Who else here can't stand watching the "old" people at work hunt and peck through the keys on the keyboard? C'mon guys, get with the program. Computers aren't going anywhere, and there's nothing in your job description that says, "Does not need to learn new skills after age 50."
People sometimes ask me how I got to be so fast with a computer. (For example, I love keyboard shortcuts, and can usually breeze through Windows Explorer quickly to get to a specific file without bothering with the mouse at all.)
My main reason is simply impatience. I know exactly what I need, and exactly where how to get to it, but it's a matter of getting the instructions into this damn machine through a sluggish decades-old interface. So I'm going to find the quickest way of doing it.

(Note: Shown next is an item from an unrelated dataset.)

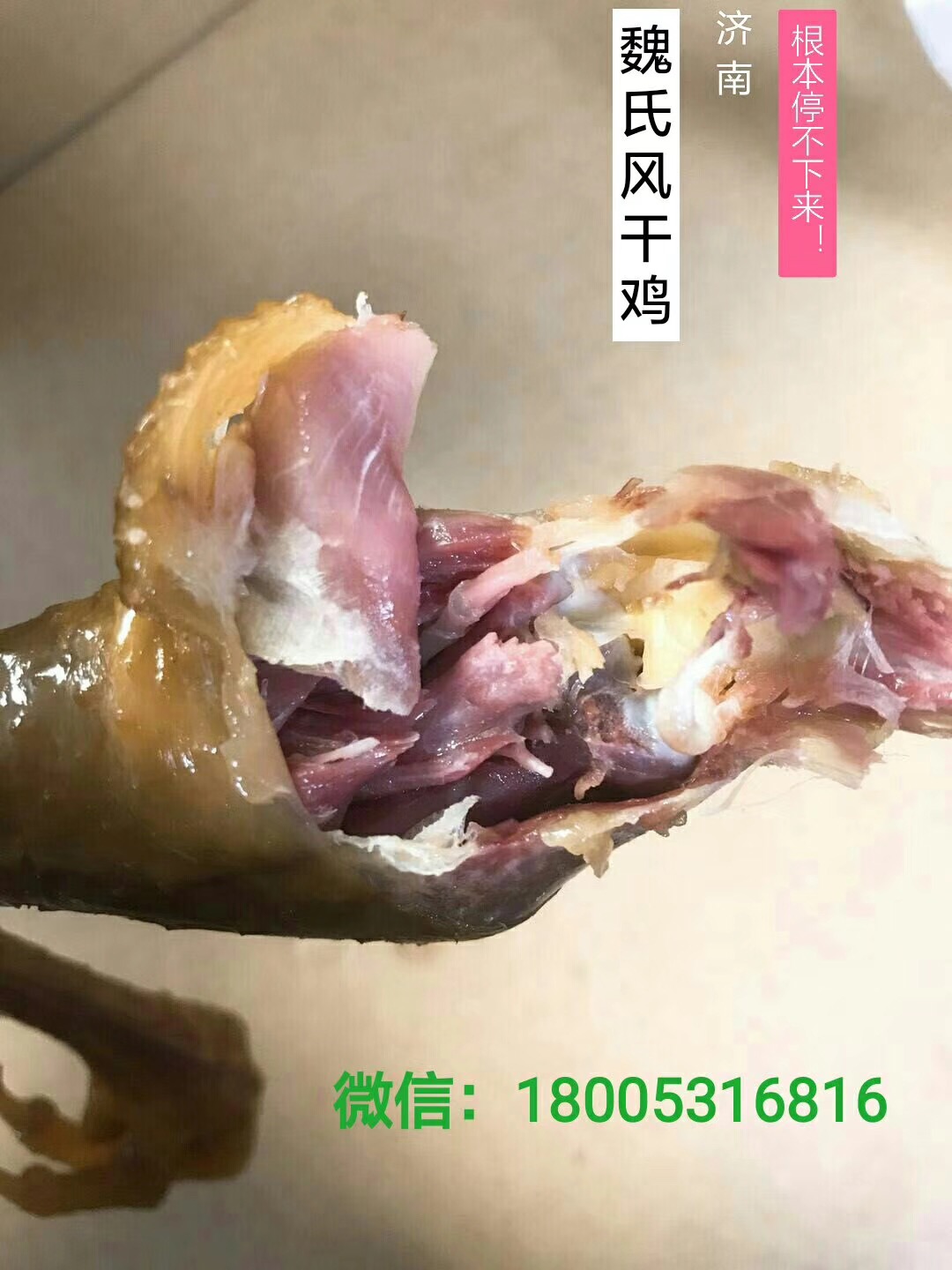 0407B0C9-7453-4513-8597-C882759699BC.jpeg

Using a keyboard applies here too. It has buttons, and they are in the same place, and perform the same function that they've performed for the past few years. I guess I don't see how you can use a machine
constantly all day every day, and still fail to become proficient at using it. I could understand if you only had to type something for 2 minutes every other day, but constant use every day? Understandably, some (many?) programs don't have intuitive ways of doing things, and appear to have been designed by
severely autistic, or possibly just sadistic, individuals.
But the keyboard is consistent. Same buttons, same place, same functions, all the time.
Different priorities, I suppose. My motivators are my impatience with the interface, but also just a general desire for efficiency.